Il faut savoir que quatre fois par siècle, la Confédération helvétique organise un gigantesque happening folklorique pour rassembler les citoyens des quatre régions linguistiques autour d’une même expression culturelle. Que la prochaine expo, prévue pour l’an 2001, déclenche déjà des psychodrames identitaires n’a rien d’étonnant: cette fête de grand luxe devra refléter la Suisse contemporaine, promettent ses organisateurs. Un projet ambitieux.
Mais lorsqu’on leur demandent de détailler leur vision, les promoteurs se contentent de répéter que l’expo.01 sera «sensuelle, ludique, émotionnelle», comme pour éviter d’entrer dans un discours rationnel.
Parfois, les organisateurs sortent de leur cuisine neuchâteloise et dévoilent quelques aspects de la manifestation à venir.
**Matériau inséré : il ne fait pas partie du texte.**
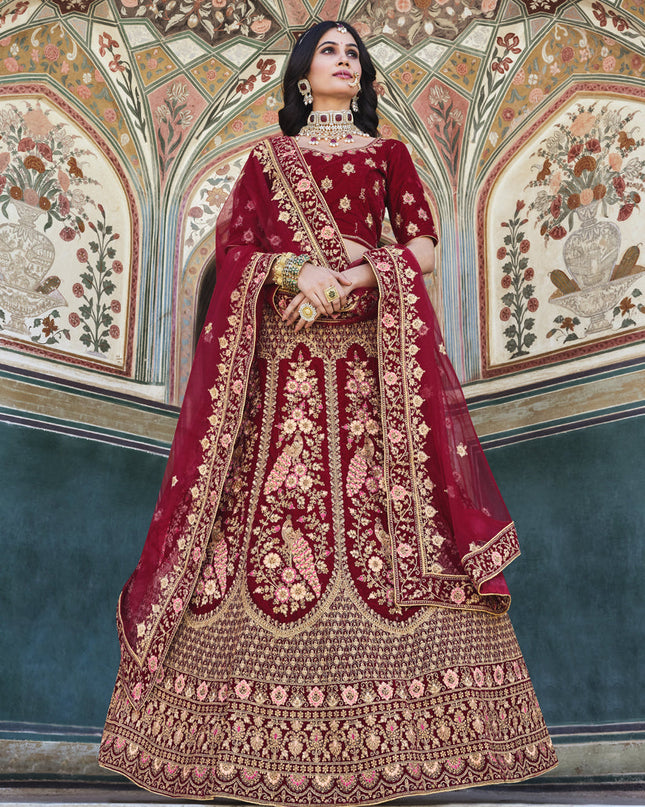 Maroon Heavy Velvet Embroidered Bridal Lehenga Choli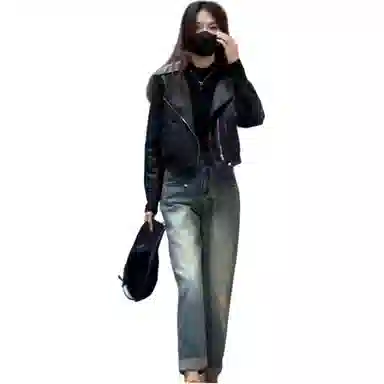 丝絮丝绸 秋季宽松复古港风长袖机车夹克外套皮衣 女款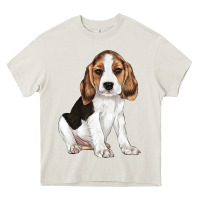 Cream beagle puppy Heavy Core Tee - LillyAllenDesigns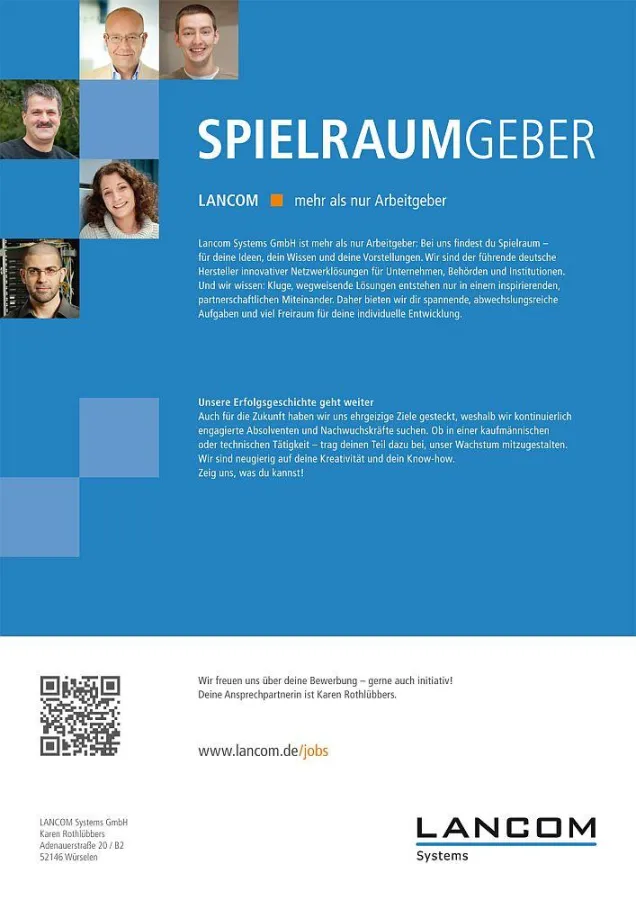 Recruiting-Anzeige LANCOM Systems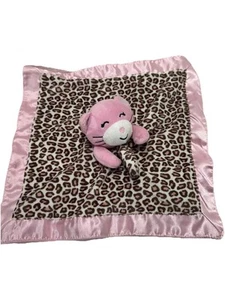 Manta de felpa Lovey rosa leopardo gato gatito suave seguridad para bebé Blankie - Imagen 1 de 8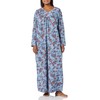 AmeriMark Vestido de noche largo de franela con estampado floral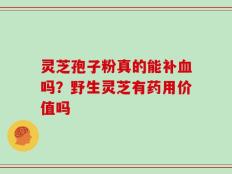 灵芝孢子粉真的能补血吗？野生灵芝有药用价值吗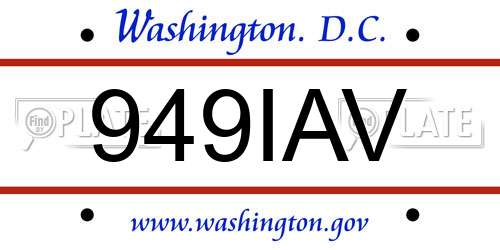 949IAV District Of Columbia License Plate
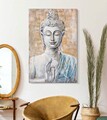 Tablou decorativ, Face Buddha Light -B, Mauro Ferretti, 80 x 120 cm, canvas imprimat si pictat/lemn de pin, multicolor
C’est précisément ce qui s’est passé lundi: Jacqueline Fendt a fièrement annoncé que l’entreprise Coop allait financer l’installation d’un pudding géant à Neuchâtel, et que le Credit Suisse avait promis de payer un grand projet dédié aux nouvelles technologies.
Elle a aussi dit qu’un spermatozoïde monumental serait installé à Yverdon, et qu’une animation identitaire «hors sol» serait placée à Morat.
Selon Jacqueline Fendt, onze animations d’expo.01 ont déjà trouvé des sponsors, pour un montant assuré de 150 millions de francs suisses. L’objectif des organisateurs était d’en obtenir au minimum 250 millions à la fin avril 1999.
Reste donc à convaincre les entreprises privées de débloquer 100 millions de francs. La directrice se montre optimiste: elle affirme avoir obtenu des promesses de dons pour un montant de 80 millions.
Ces sommes n’ont rien de «sensuel», rien de «ludique», rien d’«émotionnel». Elles sont pourtant devenues indispensables à la réalisation d’un projet national privatisé.
Pendant ce temps, l’artiste Pipilotti Rist présente sa nouvelle exposition à Paris. Près de six mois après sa démission de la direction artistique d’expo.01, elle semble avoir recentré ses efforts sur sa propre carrière. L’expérience collective du projet national appartient, pour elle, au passé.
Dans un interview donnée au «Journal des arts» du 30 avril, Pipilotti Rist parle un peu de la Suisse. Le journaliste lui demande d’expliquer certains comportements «déviants» qu’elle a mis en scène dans ses vidéos, comme cette femme qui casse délibérément la vitre d’une voiture garée dans la rue: «Est-ce en réaction à la rigidité de la société suisse?»
«Peut-être que la société y est plus rigide qu’en France, répond Pipilotti. Tout le monde veut se cacher et personne ne prend de risque. La différence des sexes est tout aussi affirmée. J’ai effectivement réagi à cet état d’esprit. Cette puissance répressive est beaucoup plus dure que ce simple geste de casser une vitre de voiture.»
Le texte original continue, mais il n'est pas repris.